## What you need to do:
When you find the line with "4 Camere modern-Scara" among the records below, reproduce it and each line after it exactly, ending with the line with "ZULUF 33 Beeswax".

## Input for this task:
┄┄┄┄┄┄

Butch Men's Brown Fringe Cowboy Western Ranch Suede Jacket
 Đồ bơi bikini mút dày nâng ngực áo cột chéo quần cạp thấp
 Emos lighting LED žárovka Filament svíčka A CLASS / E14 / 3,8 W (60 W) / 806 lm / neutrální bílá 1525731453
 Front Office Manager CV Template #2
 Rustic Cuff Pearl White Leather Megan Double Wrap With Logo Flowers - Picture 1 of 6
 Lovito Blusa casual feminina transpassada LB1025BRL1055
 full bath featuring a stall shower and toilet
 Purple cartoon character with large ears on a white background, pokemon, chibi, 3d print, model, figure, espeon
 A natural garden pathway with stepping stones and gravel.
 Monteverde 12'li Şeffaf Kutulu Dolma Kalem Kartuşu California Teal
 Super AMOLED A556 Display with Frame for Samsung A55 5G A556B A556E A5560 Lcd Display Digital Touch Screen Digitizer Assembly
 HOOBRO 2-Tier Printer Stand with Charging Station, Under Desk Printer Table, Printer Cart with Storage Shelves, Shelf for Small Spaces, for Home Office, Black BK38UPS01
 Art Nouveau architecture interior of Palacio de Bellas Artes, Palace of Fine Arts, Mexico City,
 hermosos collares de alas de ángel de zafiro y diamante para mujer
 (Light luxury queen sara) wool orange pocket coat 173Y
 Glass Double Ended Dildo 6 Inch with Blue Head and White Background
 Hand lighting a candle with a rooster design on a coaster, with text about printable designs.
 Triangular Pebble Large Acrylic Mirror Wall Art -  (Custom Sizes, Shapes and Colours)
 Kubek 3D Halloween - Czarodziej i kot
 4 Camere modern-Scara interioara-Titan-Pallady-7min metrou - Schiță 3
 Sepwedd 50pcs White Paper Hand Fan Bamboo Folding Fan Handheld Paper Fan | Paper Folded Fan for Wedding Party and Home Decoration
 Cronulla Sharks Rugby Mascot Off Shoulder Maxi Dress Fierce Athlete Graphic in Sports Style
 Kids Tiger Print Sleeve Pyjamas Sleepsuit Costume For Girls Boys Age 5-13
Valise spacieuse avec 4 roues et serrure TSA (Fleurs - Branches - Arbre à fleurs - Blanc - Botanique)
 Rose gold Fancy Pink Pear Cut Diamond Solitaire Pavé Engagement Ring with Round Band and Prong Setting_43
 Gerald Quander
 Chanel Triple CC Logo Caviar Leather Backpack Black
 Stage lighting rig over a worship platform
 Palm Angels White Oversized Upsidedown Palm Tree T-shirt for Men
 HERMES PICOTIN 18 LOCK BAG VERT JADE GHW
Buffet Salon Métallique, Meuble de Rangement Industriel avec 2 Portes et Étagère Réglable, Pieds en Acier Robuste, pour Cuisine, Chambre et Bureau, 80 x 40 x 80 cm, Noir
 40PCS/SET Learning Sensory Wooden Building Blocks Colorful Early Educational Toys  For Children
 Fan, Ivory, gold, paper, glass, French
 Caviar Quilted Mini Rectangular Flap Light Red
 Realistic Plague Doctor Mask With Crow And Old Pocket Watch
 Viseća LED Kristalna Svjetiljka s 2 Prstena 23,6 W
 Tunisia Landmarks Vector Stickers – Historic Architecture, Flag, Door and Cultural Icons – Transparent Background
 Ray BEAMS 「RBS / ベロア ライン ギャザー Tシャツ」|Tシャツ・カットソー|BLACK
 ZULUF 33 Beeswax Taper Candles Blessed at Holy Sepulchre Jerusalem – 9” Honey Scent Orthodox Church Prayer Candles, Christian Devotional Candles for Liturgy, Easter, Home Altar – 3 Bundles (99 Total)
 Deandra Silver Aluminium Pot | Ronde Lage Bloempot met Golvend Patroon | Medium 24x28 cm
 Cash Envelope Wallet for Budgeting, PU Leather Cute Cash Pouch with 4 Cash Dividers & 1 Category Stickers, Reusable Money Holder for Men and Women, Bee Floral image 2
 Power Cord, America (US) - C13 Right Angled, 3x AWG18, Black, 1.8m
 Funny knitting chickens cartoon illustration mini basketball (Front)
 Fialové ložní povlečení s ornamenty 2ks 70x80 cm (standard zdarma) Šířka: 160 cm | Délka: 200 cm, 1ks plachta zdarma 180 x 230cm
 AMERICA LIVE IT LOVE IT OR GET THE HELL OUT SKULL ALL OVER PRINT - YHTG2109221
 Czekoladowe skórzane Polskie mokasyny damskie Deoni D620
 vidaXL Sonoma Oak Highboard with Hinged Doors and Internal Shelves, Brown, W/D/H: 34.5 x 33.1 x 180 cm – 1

┄┄┄┄┄┄

## Task answer:
 4 Camere modern-Scara interioara-Titan-Pallady-7min metrou - Schiță 3
 Sepwedd 50pcs White Paper Hand Fan Bamboo Folding Fan Handheld Paper Fan | Paper Folded Fan for Wedding Party and Home Decoration
 Cronulla Sharks Rugby Mascot Off Shoulder Maxi Dress Fierce Athlete Graphic in Sports Style
 Kids Tiger Print Sleeve Pyjamas Sleepsuit Costume For Girls Boys Age 5-13
Valise spacieuse avec 4 roues et serrure TSA (Fleurs - Branches - Arbre à fleurs - Blanc - Botanique)
 Rose gold Fancy Pink Pear Cut Diamond Solitaire Pavé Engagement Ring with Round Band and Prong Setting_43
 Gerald Quander
 Chanel Triple CC Logo Caviar Leather Backpack Black
 Stage lighting rig over a worship platform
 Palm Angels White Oversized Upsidedown Palm Tree T-shirt for Men
 HERMES PICOTIN 18 LOCK BAG VERT JADE GHW
Buffet Salon Métallique, Meuble de Rangement Industriel avec 2 Portes et Étagère Réglable, Pieds en Acier Robuste, pour Cuisine, Chambre et Bureau, 80 x 40 x 80 cm, Noir
 40PCS/SET Learning Sensory Wooden Building Blocks Colorful Early Educational Toys  For Children
 Fan, Ivory, gold, paper, glass, French
 Caviar Quilted Mini Rectangular Flap Light Red
 Realistic Plague Doctor Mask With Crow And Old Pocket Watch
 Viseća LED Kristalna Svjetiljka s 2 Prstena 23,6 W
 Tunisia Landmarks Vector Stickers – Historic Architecture, Flag, Door and Cultural Icons – Transparent Background
 Ray BEAMS 「RBS / ベロア ライン ギャザー Tシャツ」|Tシャツ・カットソー|BLACK
 ZULUF 33 Beeswax Taper Candles Blessed at Holy Sepulchre Jerusalem – 9” Honey Scent Orthodox Church Prayer Candles, Christian Devotional Candles for Liturgy, Easter, Home Altar – 3 Bundles (99 Total)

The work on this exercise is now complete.